In ways both explicit and implicit, Google creates their physical workspaces to make their employees “captive” and get more and better hours from them. Examples of perks and services to support this strategy run the gamut and touch most of the minutiae that directs people’s non-professional lives: from high-end day care, to free delivered dry cleaning, to free gourmet made-to-order meals, to their most recent plan of trying to build massive housing on their main campus. Some of these ideas succeeded, others failed, still others succeeded but proved to be unsustainable. The point is that Google is trying to create a Utopian vision of how their employees can live, in the process squeezing as much as possible out of them.
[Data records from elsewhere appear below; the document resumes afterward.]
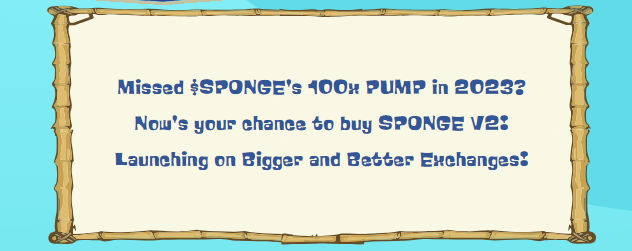 SpongeV2 x100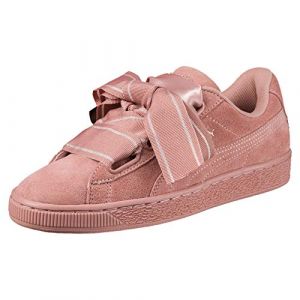 PUMA Women's Suede Heart Satin II WN's Low-Top Sneakers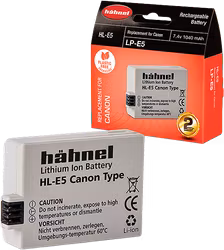 Hähnel Battery Canon HL-E5 / LP-E5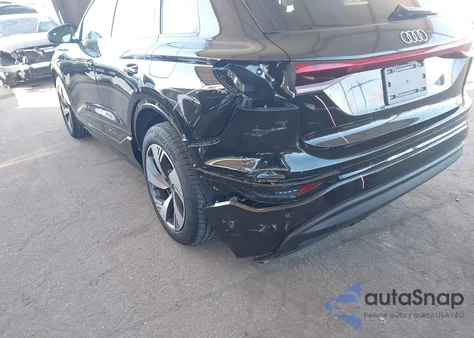 2025 Audi Q6 E-Tron Premium Quattro z USA, uszkodzony, nr VIN WA114BGF5SA020167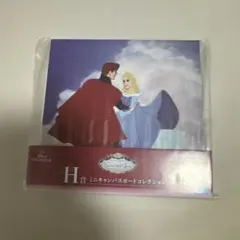 一番くじ ディズニープリンセス H賞 ミニキャンバスボード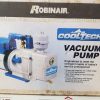 ROBINAIR 15121A VACUUM PUMP 110/220V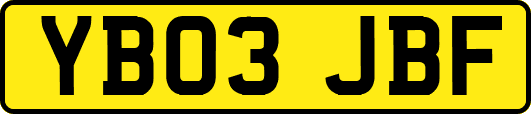 YB03JBF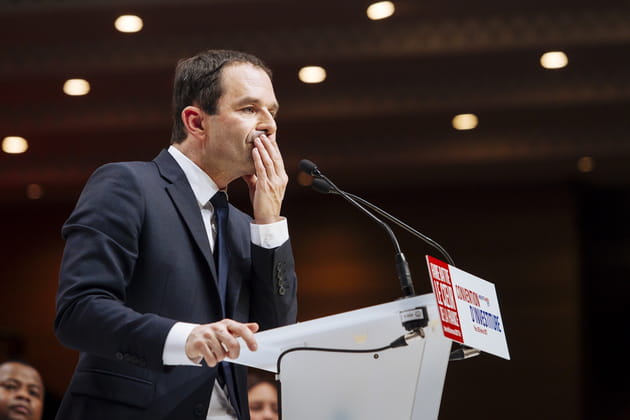 Beno&icirc;t Hamon a vu une apparition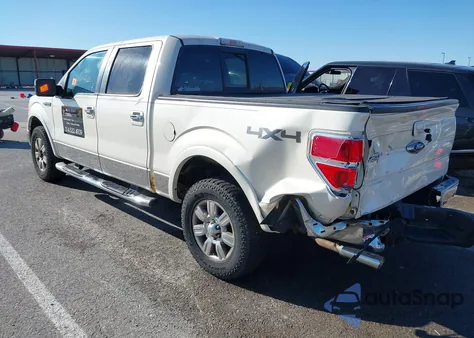 2009 Ford F-150 Lariat from USA, damaged, VIN 1FTPW14V59FA59242
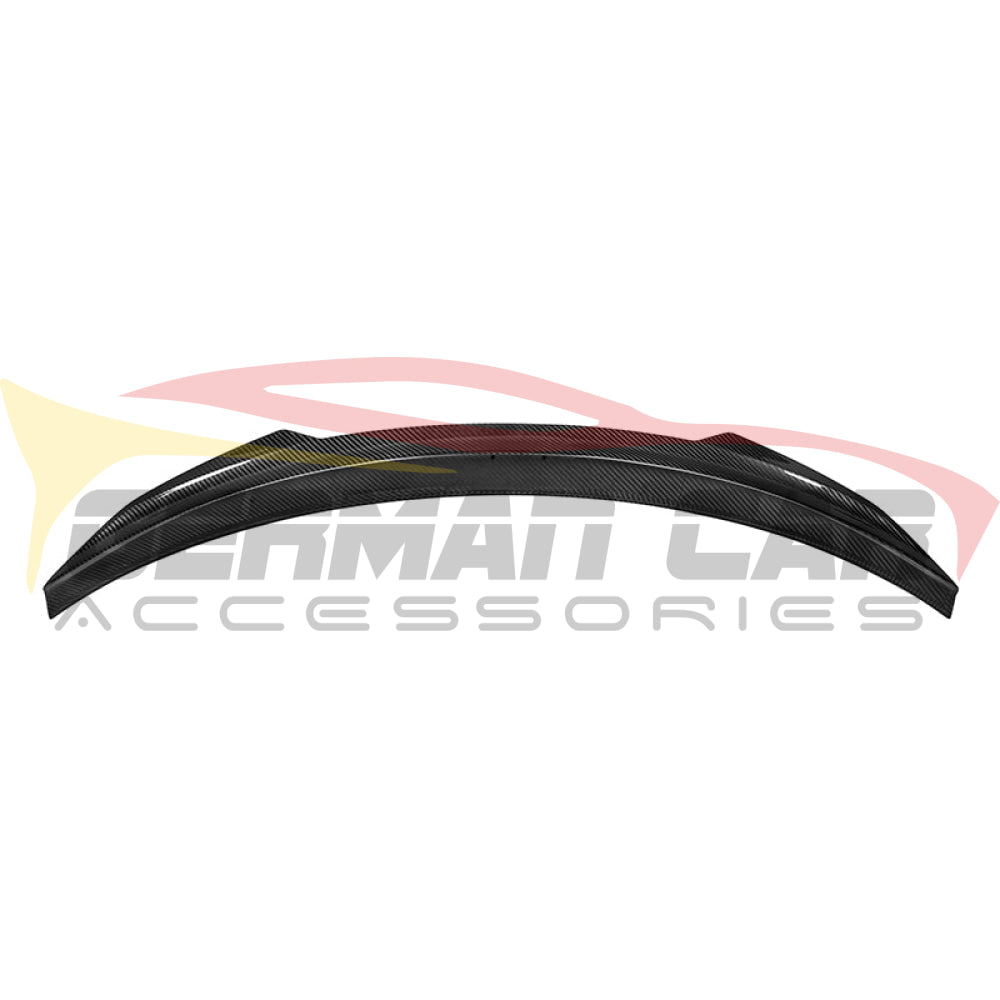2015-2021 Mercedes-Benz S550/S63/S65 AMG V3 Style Carbon Fiber Trunk Spoiler | W217/C217 Coupe - Rear Trunk Spoilers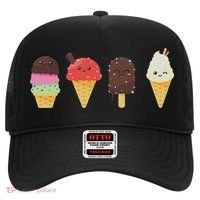 Ice Cream Lover For Summer Hat thumb 0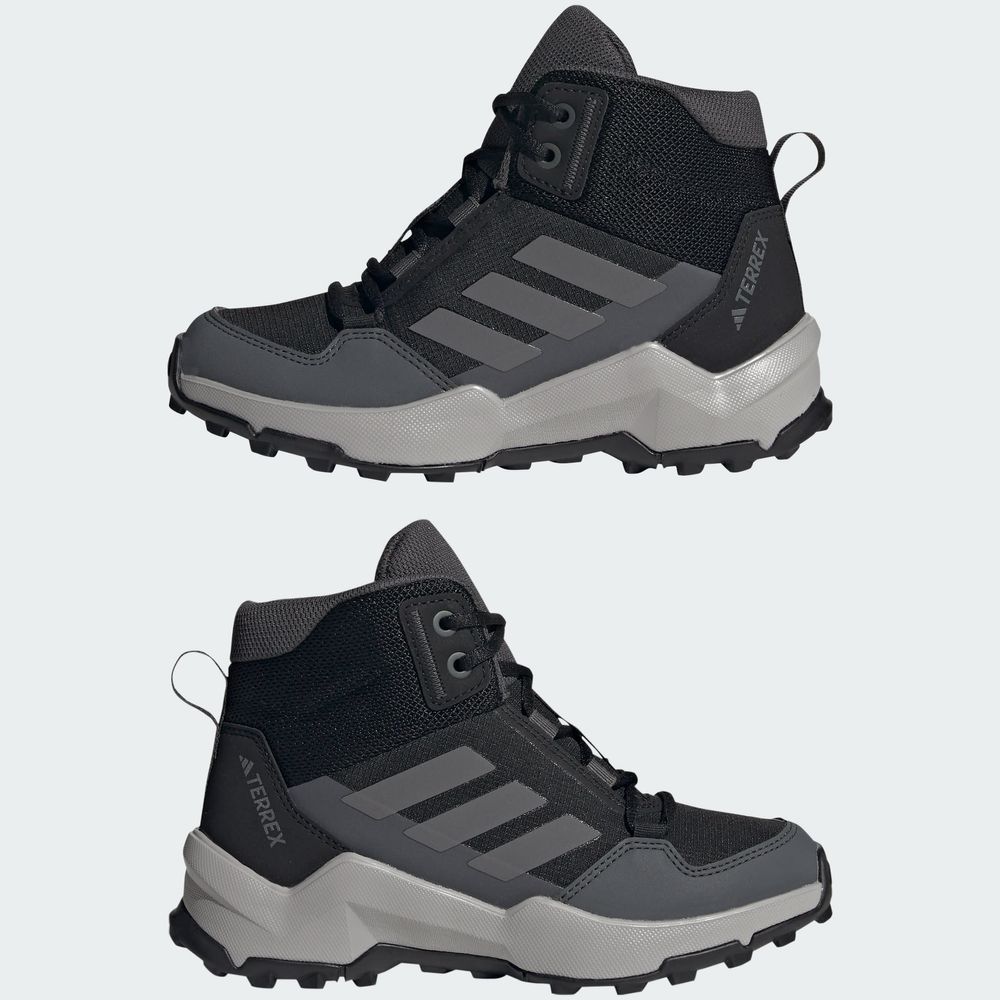 Foto 9 pulgar | Terrex Ax4r Mid K Adidas Negro Niños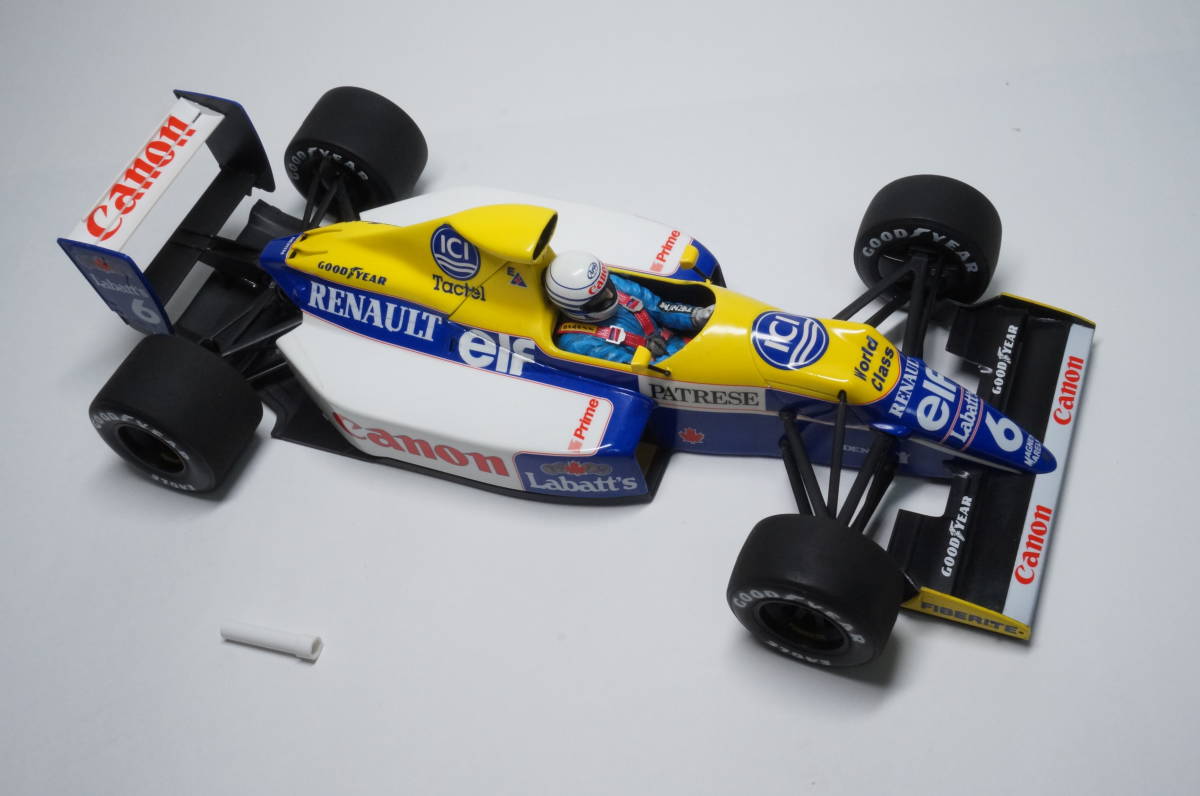 タミヤ 1/20 Williams ウィリアムズ FW13B リカルド・パトレーゼ 1990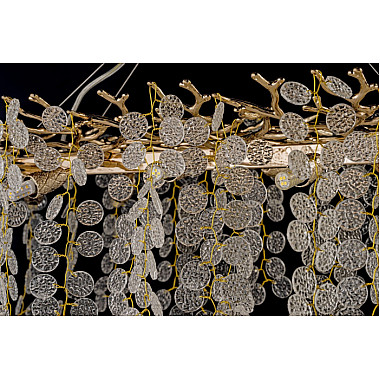 Подвесная люстра Tavenna Gold Tavenna H 1.5.150x48.102 G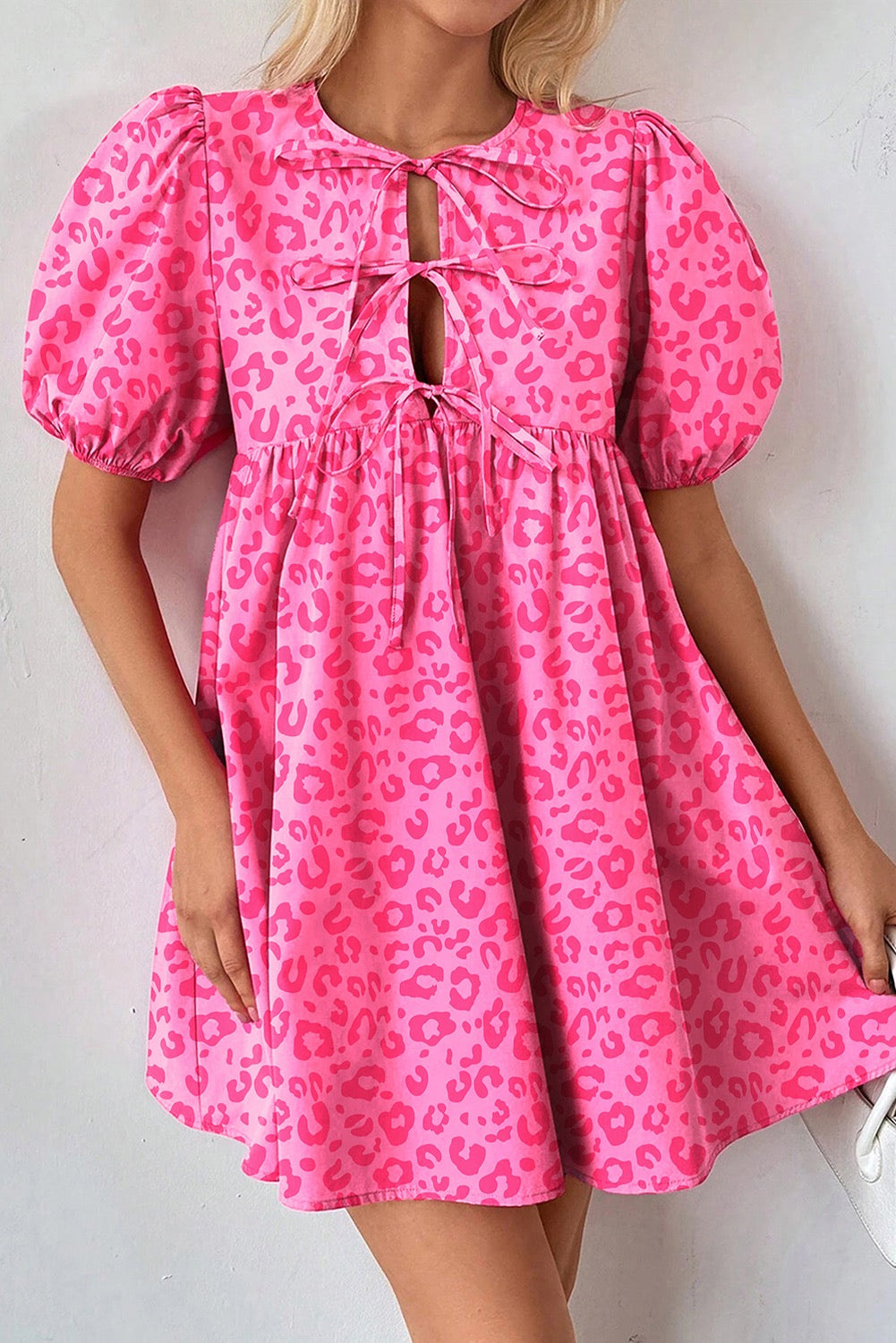 Pink Leopard Dress LT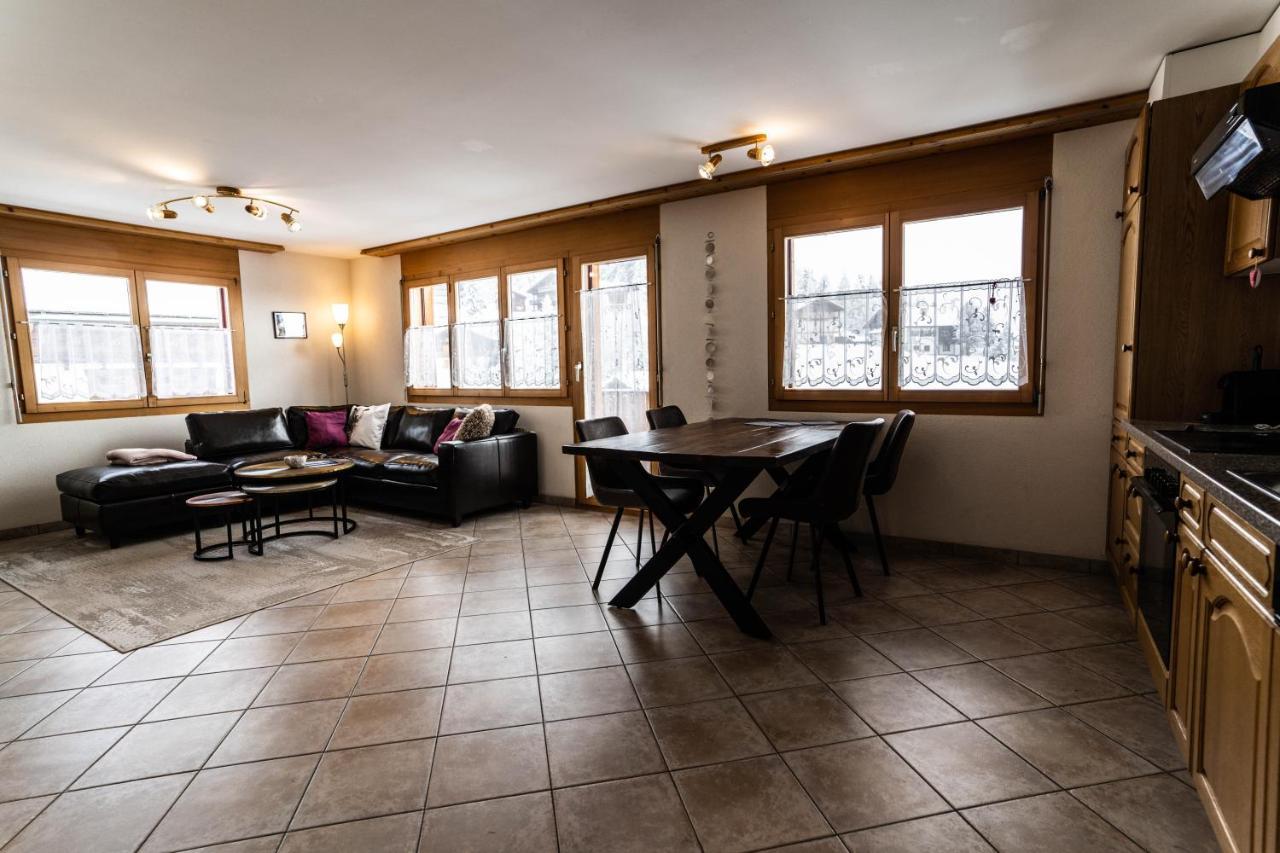 Haus Lotus, Riederalp Moosfluhbahn Apartment Exterior photo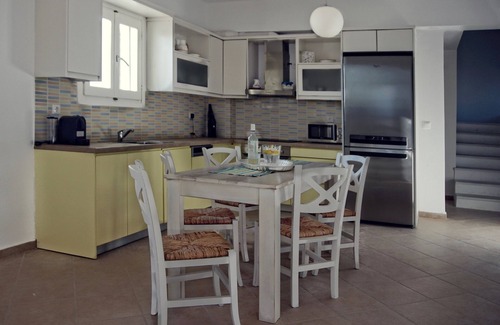 Naxos Villa | Privacidad y espectaculares vistas desde todas las habitaciones de la Villa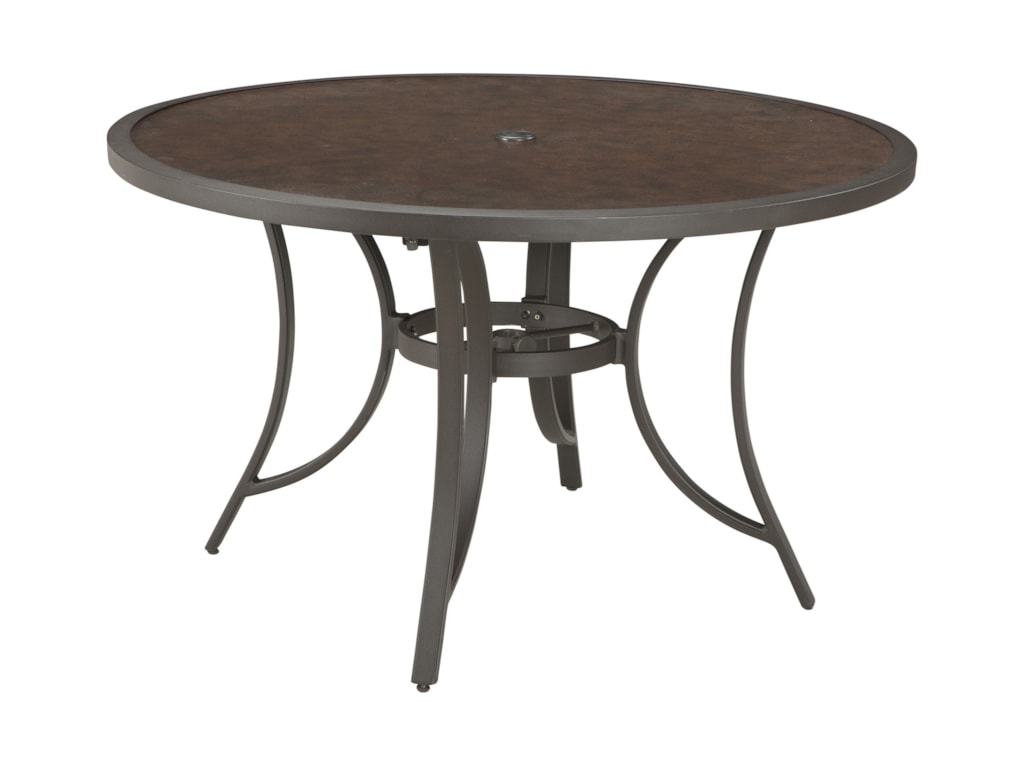 Signature Design By Ashley Carmadelia Outdoor Round Dining Table Carmadelia Outdoor Round Dining Table Set By Signature Design Ashley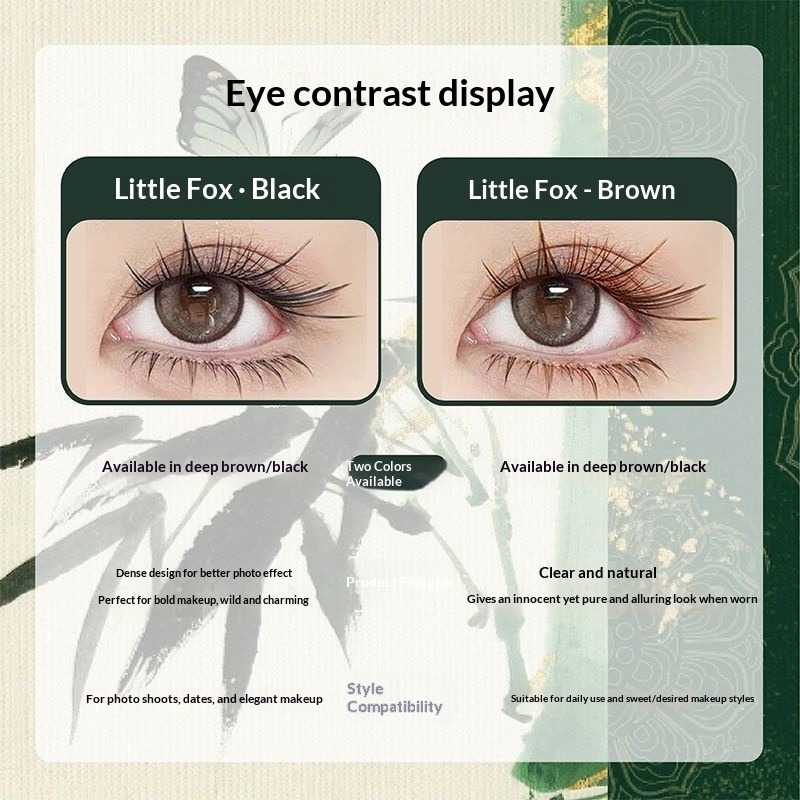 No Glue Little Fox Eyelashes S - Eyelash Extension Uv Glue 评论和价格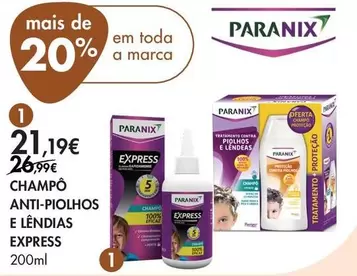 A+ - Champo Anti-Piolhos E Lendias Express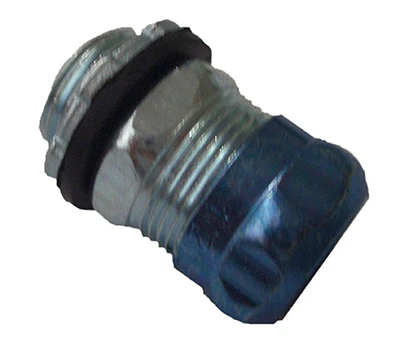 EMT Rain Tight Outdoor Connectors, Steel, 3/4-In. 5-Pk.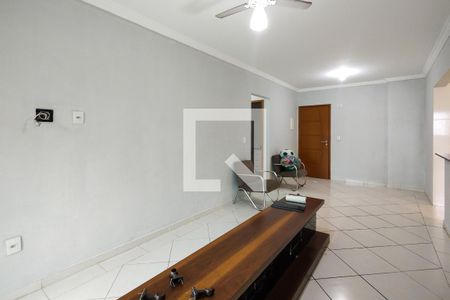 Sala de apartamento para alugar com 2 quartos, 100m² em Aviação, Praia Grande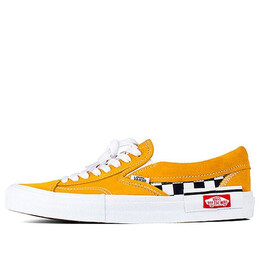 Кроссовки Vans Slip-On CAP 'Yolk Yellow', желтый vn0a3wm5vly | yellow
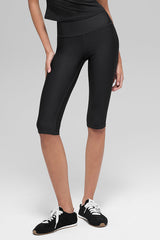 Alo Yoga 16'' High-Waist Airlift Capri - Black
Whether one sees this as a win-win or dressed-up exploitation depends on your filters, but it certainly contributes to their ability to attract and retain the best and brightest talent, a pre-requisite to staying ahead of the competition.
These are five of the core components that make great companies, and I would give Google a rating somewhere between four and five stars (out of five) in each and every one of them. Combined with their current and recent growth, there is no question Google will continue to grow and diversify and become more important in our everyday lives as well as to the landscape of business. How high they soar, and for how long, has yet to be seen. I will write more on where the next digital superpower may emerge in a subsequent article or series.